▶ Problem description
Whatever the records below hold, copy it all out exactly.

▶ Recorded information
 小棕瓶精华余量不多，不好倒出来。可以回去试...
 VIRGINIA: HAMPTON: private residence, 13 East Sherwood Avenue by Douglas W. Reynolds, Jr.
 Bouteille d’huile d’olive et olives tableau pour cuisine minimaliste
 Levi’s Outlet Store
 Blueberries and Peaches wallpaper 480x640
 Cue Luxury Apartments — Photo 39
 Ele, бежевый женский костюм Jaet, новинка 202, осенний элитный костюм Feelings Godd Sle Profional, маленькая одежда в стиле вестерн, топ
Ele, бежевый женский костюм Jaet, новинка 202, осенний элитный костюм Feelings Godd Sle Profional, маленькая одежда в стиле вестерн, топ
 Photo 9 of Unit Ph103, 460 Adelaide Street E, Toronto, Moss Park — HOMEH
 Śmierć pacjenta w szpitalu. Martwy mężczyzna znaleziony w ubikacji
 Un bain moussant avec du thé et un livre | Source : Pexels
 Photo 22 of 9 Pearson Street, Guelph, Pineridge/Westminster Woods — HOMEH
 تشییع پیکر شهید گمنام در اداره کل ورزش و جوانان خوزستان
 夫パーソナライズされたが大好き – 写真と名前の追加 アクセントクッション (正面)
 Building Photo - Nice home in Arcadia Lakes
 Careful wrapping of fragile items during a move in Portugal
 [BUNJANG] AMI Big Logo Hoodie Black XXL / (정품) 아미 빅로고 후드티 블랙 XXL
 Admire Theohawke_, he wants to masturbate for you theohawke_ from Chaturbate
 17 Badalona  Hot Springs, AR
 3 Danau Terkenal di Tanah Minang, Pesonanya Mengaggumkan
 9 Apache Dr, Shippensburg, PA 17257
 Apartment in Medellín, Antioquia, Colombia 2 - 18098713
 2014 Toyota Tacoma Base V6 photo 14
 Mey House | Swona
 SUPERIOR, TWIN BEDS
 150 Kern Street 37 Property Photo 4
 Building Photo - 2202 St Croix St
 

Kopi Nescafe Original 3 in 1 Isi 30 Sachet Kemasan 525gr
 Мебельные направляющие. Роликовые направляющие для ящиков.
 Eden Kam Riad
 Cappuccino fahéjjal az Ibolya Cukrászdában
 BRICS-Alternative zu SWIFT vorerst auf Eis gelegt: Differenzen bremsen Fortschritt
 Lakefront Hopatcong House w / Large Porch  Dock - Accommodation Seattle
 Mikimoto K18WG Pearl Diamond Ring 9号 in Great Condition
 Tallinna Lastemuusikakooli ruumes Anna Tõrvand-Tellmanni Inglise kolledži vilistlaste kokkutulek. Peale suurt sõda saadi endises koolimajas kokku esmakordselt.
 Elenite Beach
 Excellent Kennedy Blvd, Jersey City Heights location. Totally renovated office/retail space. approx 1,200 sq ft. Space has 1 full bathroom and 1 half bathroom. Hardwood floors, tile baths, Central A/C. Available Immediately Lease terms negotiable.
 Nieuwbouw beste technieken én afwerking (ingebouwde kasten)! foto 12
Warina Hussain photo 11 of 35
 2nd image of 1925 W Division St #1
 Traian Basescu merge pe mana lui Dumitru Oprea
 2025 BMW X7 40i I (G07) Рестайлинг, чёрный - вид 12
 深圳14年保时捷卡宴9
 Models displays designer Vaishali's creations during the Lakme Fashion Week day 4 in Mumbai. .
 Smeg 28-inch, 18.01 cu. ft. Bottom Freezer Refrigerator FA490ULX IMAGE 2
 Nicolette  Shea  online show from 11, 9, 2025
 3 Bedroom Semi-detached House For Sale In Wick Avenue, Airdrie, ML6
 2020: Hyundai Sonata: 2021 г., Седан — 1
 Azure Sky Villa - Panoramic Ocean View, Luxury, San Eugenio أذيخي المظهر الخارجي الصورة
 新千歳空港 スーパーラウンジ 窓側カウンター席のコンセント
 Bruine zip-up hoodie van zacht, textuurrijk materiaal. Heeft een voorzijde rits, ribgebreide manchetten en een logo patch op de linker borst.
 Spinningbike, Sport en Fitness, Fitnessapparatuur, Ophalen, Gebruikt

▶ Answer to this task
 小棕瓶精华余量不多，不好倒出来。可以回去试...
 VIRGINIA: HAMPTON: private residence, 13 East Sherwood Avenue by Douglas W. Reynolds, Jr.
 Bouteille d’huile d’olive et olives tableau pour cuisine minimaliste
 Levi’s Outlet Store
 Blueberries and Peaches wallpaper 480x640
 Cue Luxury Apartments — Photo 39
 Ele, бежевый женский костюм Jaet, новинка 202, осенний элитный костюм Feelings Godd Sle Profional, маленькая одежда в стиле вестерн, топ
Ele, бежевый женский костюм Jaet, новинка 202, осенний элитный костюм Feelings Godd Sle Profional, маленькая одежда в стиле вестерн, топ
 Photo 9 of Unit Ph103, 460 Adelaide Street E, Toronto, Moss Park — HOMEH
 Śmierć pacjenta w szpitalu. Martwy mężczyzna znaleziony w ubikacji
 Un bain moussant avec du thé et un livre | Source : Pexels
 Photo 22 of 9 Pearson Street, Guelph, Pineridge/Westminster Woods — HOMEH
 تشییع پیکر شهید گمنام در اداره کل ورزش و جوانان خوزستان
 夫パーソナライズされたが大好き – 写真と名前の追加 アクセントクッション (正面)
 Building Photo - Nice home in Arcadia Lakes
 Careful wrapping of fragile items during a move in Portugal
 [BUNJANG] AMI Big Logo Hoodie Black XXL / (정품) 아미 빅로고 후드티 블랙 XXL
 Admire Theohawke_, he wants to masturbate for you theohawke_ from Chaturbate
 17 Badalona  Hot Springs, AR
 3 Danau Terkenal di Tanah Minang, Pesonanya Mengaggumkan
 9 Apache Dr, Shippensburg, PA 17257
 Apartment in Medellín, Antioquia, Colombia 2 - 18098713
 2014 Toyota Tacoma Base V6 photo 14
 Mey House | Swona
 SUPERIOR, TWIN BEDS
 150 Kern Street 37 Property Photo 4
 Building Photo - 2202 St Croix St
 

Kopi Nescafe Original 3 in 1 Isi 30 Sachet Kemasan 525gr
 Мебельные направляющие. Роликовые направляющие для ящиков.
 Eden Kam Riad
 Cappuccino fahéjjal az Ibolya Cukrászdában
 BRICS-Alternative zu SWIFT vorerst auf Eis gelegt: Differenzen bremsen Fortschritt
 Lakefront Hopatcong House w / Large Porch  Dock - Accommodation Seattle
 Mikimoto K18WG Pearl Diamond Ring 9号 in Great Condition
 Tallinna Lastemuusikakooli ruumes Anna Tõrvand-Tellmanni Inglise kolledži vilistlaste kokkutulek. Peale suurt sõda saadi endises koolimajas kokku esmakordselt.
 Elenite Beach
 Excellent Kennedy Blvd, Jersey City Heights location. Totally renovated office/retail space. approx 1,200 sq ft. Space has 1 full bathroom and 1 half bathroom. Hardwood floors, tile baths, Central A/C. Available Immediately Lease terms negotiable.
 Nieuwbouw beste technieken én afwerking (ingebouwde kasten)! foto 12
Warina Hussain photo 11 of 35
 2nd image of 1925 W Division St #1
 Traian Basescu merge pe mana lui Dumitru Oprea
 2025 BMW X7 40i I (G07) Рестайлинг, чёрный - вид 12
 深圳14年保时捷卡宴9
 Models displays designer Vaishali's creations during the Lakme Fashion Week day 4 in Mumbai. .
 Smeg 28-inch, 18.01 cu. ft. Bottom Freezer Refrigerator FA490ULX IMAGE 2
 Nicolette  Shea  online show from 11, 9, 2025
 3 Bedroom Semi-detached House For Sale In Wick Avenue, Airdrie, ML6
 2020: Hyundai Sonata: 2021 г., Седан — 1
 Azure Sky Villa - Panoramic Ocean View, Luxury, San Eugenio أذيخي المظهر الخارجي الصورة
 新千歳空港 スーパーラウンジ 窓側カウンター席のコンセント
 Bruine zip-up hoodie van zacht, textuurrijk materiaal. Heeft een voorzijde rits, ribgebreide manchetten en een logo patch op de linker borst.
 Spinningbike, Sport en Fitness, Fitnessapparatuur, Ophalen, Gebruikt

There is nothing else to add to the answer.